The parallel goes even further: just like the banks, big pharma socialises the risk, but privatises rewards. The few drugs that are coming out would not have emerged without taxpayer-funded research. Yet the taxpayer then pays twice: first for the research then for the high prices, justified by the supposedly high risk that big pharma is taking on. This is almost surreal: what risk? And what about taxpayer risk?
Rather than empty words on a life-sciences strategy, what is needed is for policymakers to become more confident in their negotiations with business. The 1980 Bayh-Dole act that allowed publicly funded research to be patented says that government should have a say on the prices of the drugs. The fact government has never exercised this right shows who has the upper hand.
But things can change. Innovation policy should be linked to corporate governance – why should companies that spend more on share buybacks than R&D benefit from public research funds?
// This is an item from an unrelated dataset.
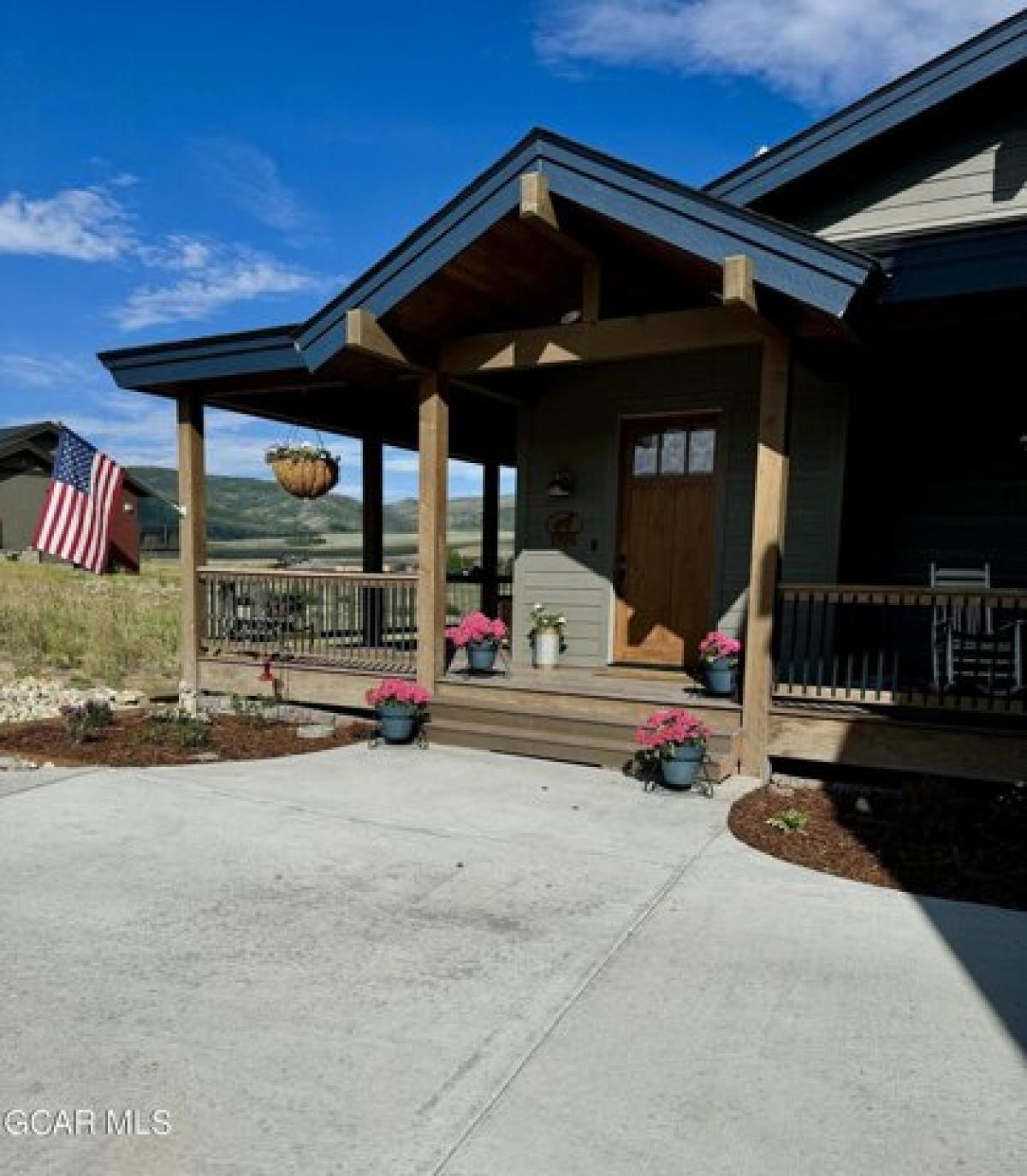 Picture of Home For Sale in Granby, Colorado, United States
Then "intelligent" R&D tax credits could be created, linked not to the income generated from R&D but the research labour hired to conduct it (as introduced in the Netherlands).
Government could also retain a golden share of the intellectual property rights (patents) which public research produces, and/or make sure that the prices of the new drugs reflect how the taxpayer paid for the most high-risk research. And, finally, given the high dependence of the industry on publicly -funded R&D, do not allow acquisitions that undermine the underlying research base the companies themselves should commit to - and for which they constantly request handouts.
In short, we need to start fostering a more symbiotic innovation eco-system. It's time to put an end to the current, increasingly parasitic one. We could start by realising that government does have power to actively shape and create markets, and not just fix broken ones.